Author: Stef van den Elzen
TensorFlow is an open source software library for numerical computation using data flow graphs. This project is originally developed by the Google Brain team and recently made open source. Enough reason to experiment with this.
Due to the flexible architecture we can use this not only for deep learning but also for generic computational tasks that can be employed on multiple CPU/GPUs and platforms. By combining the computational tasks with SynerScope’s visual frontend that also allows for interactive exploration we have a powerful scalable data sense-making solution. Let’s see how we can do this.
Often when we load a dataset for exploration we do not know exactly what we are looking for in the data. Visualization helps with this by enabling people to look at the data. Interaction gives them techniques to navigate through the data. One of these techniques is selection. Selection, combined with our multiple-coordinated view setup, provides users with a rich context and multiple perspectives on the items they are interested in. One of the insights we are looking for when we make a selection is
“which attribute separates this selection best from the non-selection”.
Or in other words what attribute has specific values for the selection that are clearly different from the values of the non-selection. We can of course see this visually in a scatterplot or histogram for example, but if we have thousands of attributes then this quickly becomes cumbersome to check each attribute manually. We would like to have a ranking of the attributes. We can do this by computing the information gain or gain ratio. This seems like a good opportunity to test out TensorFlow.
We implemented the computation of the gain ratio in Python/TensorFlow and discuss the different parts below. The full source code is available at the bottom as an iPython notebook file. First we load the needed modules and define different functions to compute the entropy, information gain, and, gain ratio. Next we define some helper functions for example to sort a matrix for one column, to find splitpoints and to count the number of selected items versus non-selected. Then we read the data and compute for each attribute the gain ratio and the according splitpoint.
Now let’s apply this to a dataset. We take a publicly available dataset about car properties and load these into SynerScope. This dataset contains properties such as the weight of the car, the mpg usage, number of cylinders, horsepower, origin etc. Now we wonder what separates the American cars from the European and Japanese cars. From the histogram in SynerScope Marcato we select the American cars and the gain ratio computation.
We see that displacement and mpg are the most differentiation factors for American cars. We can verify this by plotting these on a scatterplot. See figure below, the orange dots are the American cars.

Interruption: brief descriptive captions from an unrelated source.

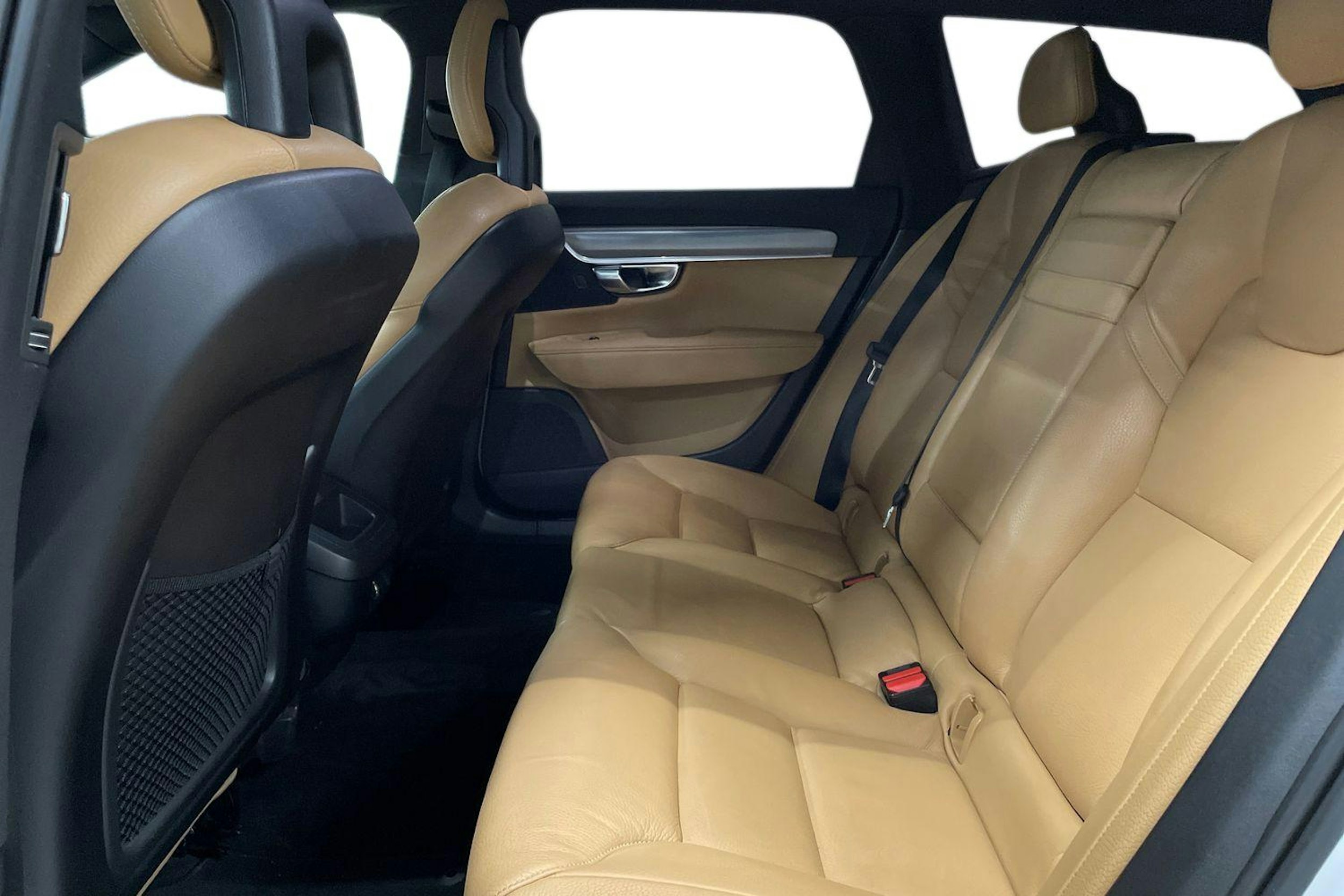 Valkoinen Volvo V90 2016 kuva 7.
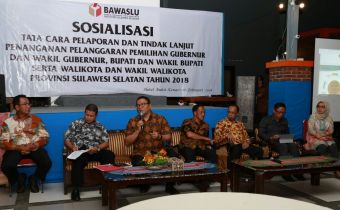 Talk Show Tata Cara Pelaporan Pelanggaran Pilkada Live di TV Lokal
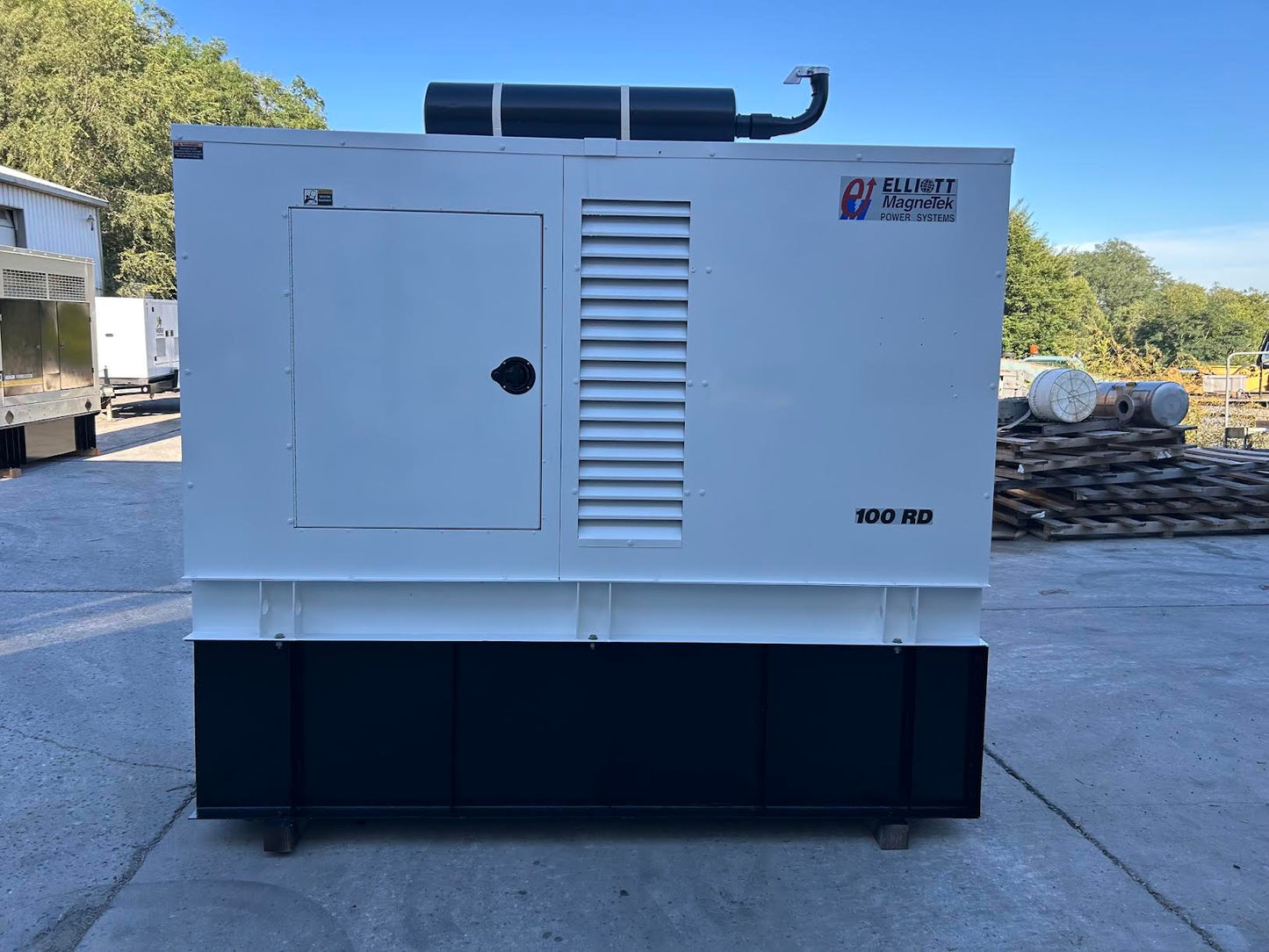 Elliott MagneTek 100 kW Diesel Generator Perkins 1006-6T 208V 480V 240V 560Hr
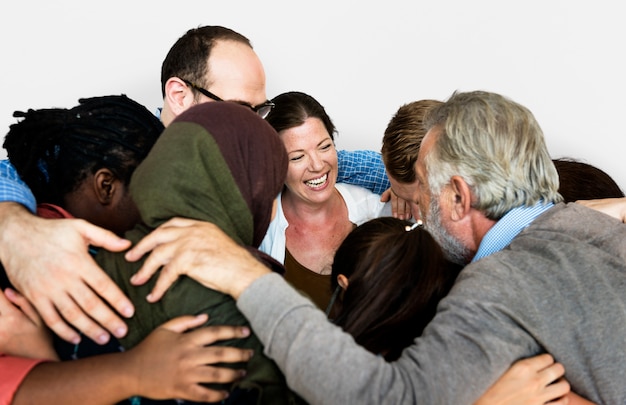 Foto diverso gruppo di persone ritratto dello studio insieme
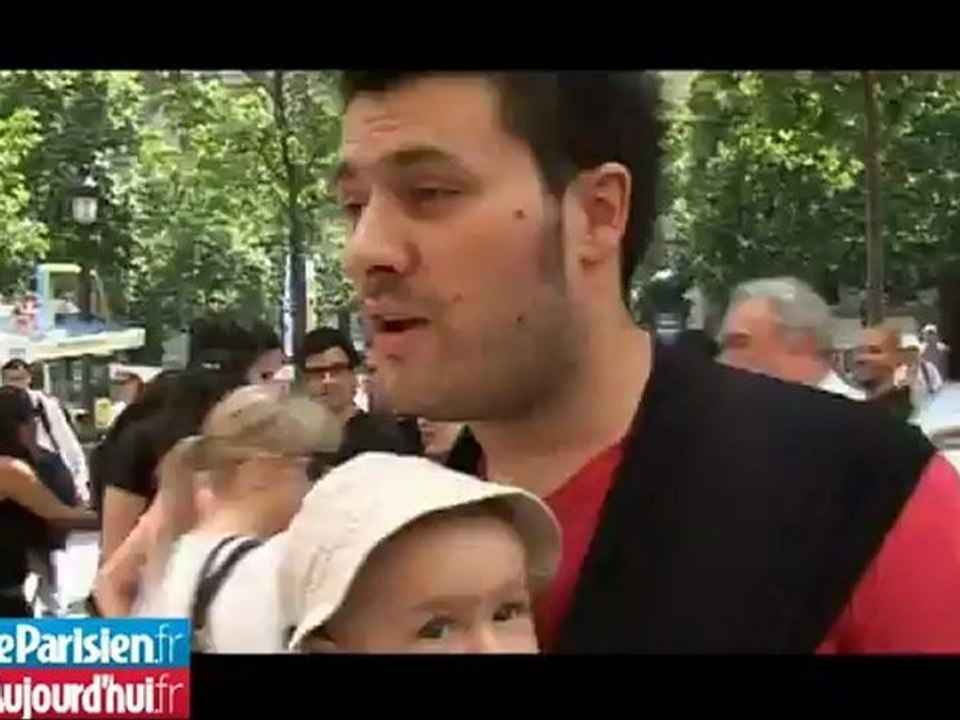 Les Champs-Elysées en petite culotte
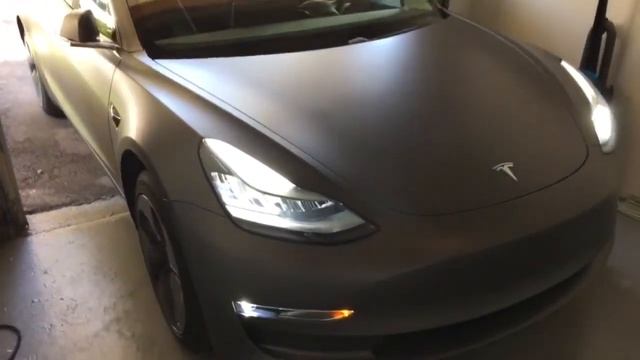 Tesla model 3 mid range summon смотреть онлайн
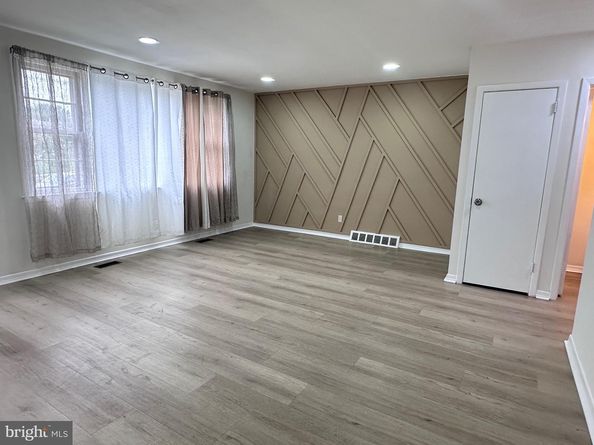 3674 Salina Road, Philadelphia PA 19154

We could also take the cars from 1980 and thereafter and see what separates them most from the other cars. Here we see that besides year, the miles per gallon usage and cylinders are the most differentiating factors. Again we see this in the scatterplot.
Cars produced after 1980
As the key focus of TensorFlow is on deep learning and neural networks, it can sometimes require some creativity to handle more generic computation, such as the information gain metric we used as an example. By using a hybrid approach where data is moved between TensorFlow structures and numpy arrays, we were able to make a performant implementation. We are anxiously monitoring further developments, as it is a fast-moving platform, and we hope that some features that currently only exist on the numpy side, such as argsort, will be available in due time.
For now, the hybrid combination works well enough, and using TensorFlow for the computation and SynerScope Marcato for the visual exploration gives us a much faster route to understanding our data and discovering new patterns.